Il futuro del «piano» passa però da Taiwan (che Xi considera «cinese»). Il 90% dei microchip più avanzati sono infatti prodotti dalle industrie dell'isola-Stato, da cui dipende il 65% del mercato mondiale. E ora più che mai le autorità locali temono che Pechino stia preparando un'azione per riannettere Taiwan (e le sue industrie). Ieri il ministro della Difesa taiwanese, Chiu Kuo-cheng, ha invitato a tenere alta l'allerta su un «ingresso provvisorio» delle forze cinesi; temuto, visto il forte aumento della spesa militare del Dragone (+7,2% rispetto al 2022 per un totale di 230 miliardi di dollari nel bilancio 2023). La Cina ha rivendicato ancora la sovranità sull'arcipelago: su entrambi i lati dello Stretto. L'annessione non è però solo un obiettivo dichiarato, è parte della strategia hi-tech di Xi, che non tollera interferenze. E per non inviare segnali sbagliati da Washington (visto cosa accadde con la visita di Nancy Pelosi dell'estate scorsa), l'attuale speaker della Camera statunitense, Kevin McCarty, ieri ha reso nota la rinuncia alla visita alla presidente Tsai Ing-wen: la vedrà in aprile in California, non sull'isola.

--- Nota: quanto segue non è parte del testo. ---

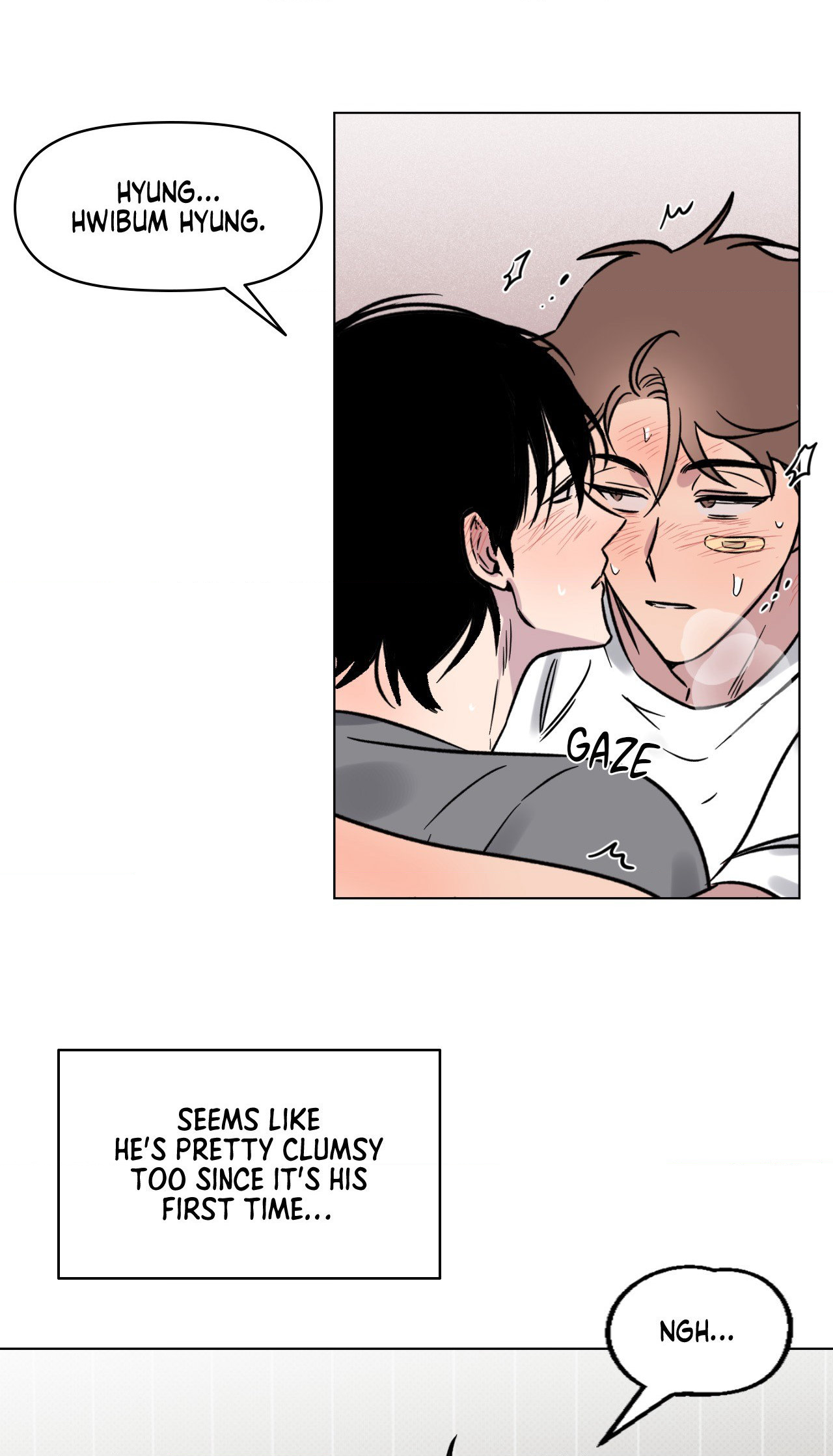 Lucky In Love - Chapter 12 Page 58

Gli Usa sorvegliano costantemente l'arcipelago, in cui si gioca ben più di una partita a due. Alta tecnologia, semiconduttori e intelligenza artificiale concentrate in un micro-Stato che dà fiato hi-tech all'intero pianeta non vanno giù a Pechino. Tutto il ben di tecnologia potrebbe essere del Dragone. E quando Xi dice che bisogna dare priorità alla strada per l'auto-sostenibilità, a Taiwan fischiano le orecchie; specie ora che Biden ha imposto restrizioni per complicare l'accesso cinese alle tecnologie. Xi aveva già parlato del raggiungimento dell'autosufficienza nel settore come terreno di contesa con gli States. E proverà a costruire il socialismo in salsa hi-tech: con catene di approvvigionamento ancora tutte da ridefinire, sfruttando Taiwan come grimaldello, fino a impiantare una iper-centralizzazione cinese più simile a un'autarchia. Basti pensare ai «freni» messi in campo in casa da figure imprenditoriali come il fondatore di Alibaba, Jack Ma; ritiratosi, perché oscurava il regime. Nel 2023 Xi sembra voler piazzare un nuova zampata.
Ha spiegato che il mondo è entrato nell'era della «grande scienza». E per mantenere una leadership forte deve rispondere alle restrizioni imposte dagli Usa. Ancora una volta, lo fa minacciando «misure ferme per difendere la sovranità e integrità territoriale».